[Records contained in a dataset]

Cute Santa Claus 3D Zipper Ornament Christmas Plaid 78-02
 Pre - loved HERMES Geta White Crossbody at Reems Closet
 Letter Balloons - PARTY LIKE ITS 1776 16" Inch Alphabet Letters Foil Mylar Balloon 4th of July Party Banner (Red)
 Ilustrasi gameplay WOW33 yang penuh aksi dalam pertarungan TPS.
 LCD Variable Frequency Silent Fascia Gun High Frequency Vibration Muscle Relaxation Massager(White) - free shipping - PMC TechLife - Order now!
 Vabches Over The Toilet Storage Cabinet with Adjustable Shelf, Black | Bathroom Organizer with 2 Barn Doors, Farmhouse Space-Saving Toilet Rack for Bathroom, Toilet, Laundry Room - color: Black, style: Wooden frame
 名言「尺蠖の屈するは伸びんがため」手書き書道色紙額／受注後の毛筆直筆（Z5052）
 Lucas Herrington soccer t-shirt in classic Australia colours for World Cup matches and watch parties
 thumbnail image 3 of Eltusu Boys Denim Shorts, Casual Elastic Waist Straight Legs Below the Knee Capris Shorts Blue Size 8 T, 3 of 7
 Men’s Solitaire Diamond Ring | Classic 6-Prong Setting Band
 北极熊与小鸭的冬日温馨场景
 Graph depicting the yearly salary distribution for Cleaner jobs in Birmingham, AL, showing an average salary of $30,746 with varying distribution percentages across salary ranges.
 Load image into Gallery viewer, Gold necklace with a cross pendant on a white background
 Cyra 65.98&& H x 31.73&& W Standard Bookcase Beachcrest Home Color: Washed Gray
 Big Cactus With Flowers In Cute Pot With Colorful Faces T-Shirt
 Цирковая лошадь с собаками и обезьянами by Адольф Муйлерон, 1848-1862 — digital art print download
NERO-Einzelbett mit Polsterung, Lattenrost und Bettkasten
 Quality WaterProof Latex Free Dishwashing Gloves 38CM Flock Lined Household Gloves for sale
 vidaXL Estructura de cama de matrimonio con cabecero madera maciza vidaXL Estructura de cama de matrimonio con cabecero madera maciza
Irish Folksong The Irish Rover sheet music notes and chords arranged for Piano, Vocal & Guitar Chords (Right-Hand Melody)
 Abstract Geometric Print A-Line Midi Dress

#### WHAT IS REQUIRED
Retype the entries precisely as they stand.

#### EXERCISE RESPONSE
Cute Santa Claus 3D Zipper Ornament Christmas Plaid 78-02
 Pre - loved HERMES Geta White Crossbody at Reems Closet
 Letter Balloons - PARTY LIKE ITS 1776 16" Inch Alphabet Letters Foil Mylar Balloon 4th of July Party Banner (Red)
 Ilustrasi gameplay WOW33 yang penuh aksi dalam pertarungan TPS.
 LCD Variable Frequency Silent Fascia Gun High Frequency Vibration Muscle Relaxation Massager(White) - free shipping - PMC TechLife - Order now!
 Vabches Over The Toilet Storage Cabinet with Adjustable Shelf, Black | Bathroom Organizer with 2 Barn Doors, Farmhouse Space-Saving Toilet Rack for Bathroom, Toilet, Laundry Room - color: Black, style: Wooden frame
 名言「尺蠖の屈するは伸びんがため」手書き書道色紙額／受注後の毛筆直筆（Z5052）
 Lucas Herrington soccer t-shirt in classic Australia colours for World Cup matches and watch parties
 thumbnail image 3 of Eltusu Boys Denim Shorts, Casual Elastic Waist Straight Legs Below the Knee Capris Shorts Blue Size 8 T, 3 of 7
 Men’s Solitaire Diamond Ring | Classic 6-Prong Setting Band
 北极熊与小鸭的冬日温馨场景
 Graph depicting the yearly salary distribution for Cleaner jobs in Birmingham, AL, showing an average salary of $30,746 with varying distribution percentages across salary ranges.
 Load image into Gallery viewer, Gold necklace with a cross pendant on a white background
 Cyra 65.98&& H x 31.73&& W Standard Bookcase Beachcrest Home Color: Washed Gray
 Big Cactus With Flowers In Cute Pot With Colorful Faces T-Shirt
 Цирковая лошадь с собаками и обезьянами by Адольф Муйлерон, 1848-1862 — digital art print download
NERO-Einzelbett mit Polsterung, Lattenrost und Bettkasten
 Quality WaterProof Latex Free Dishwashing Gloves 38CM Flock Lined Household Gloves for sale
 vidaXL Estructura de cama de matrimonio con cabecero madera maciza vidaXL Estructura de cama de matrimonio con cabecero madera maciza
Irish Folksong The Irish Rover sheet music notes and chords arranged for Piano, Vocal & Guitar Chords (Right-Hand Melody)
 Abstract Geometric Print A-Line Midi Dress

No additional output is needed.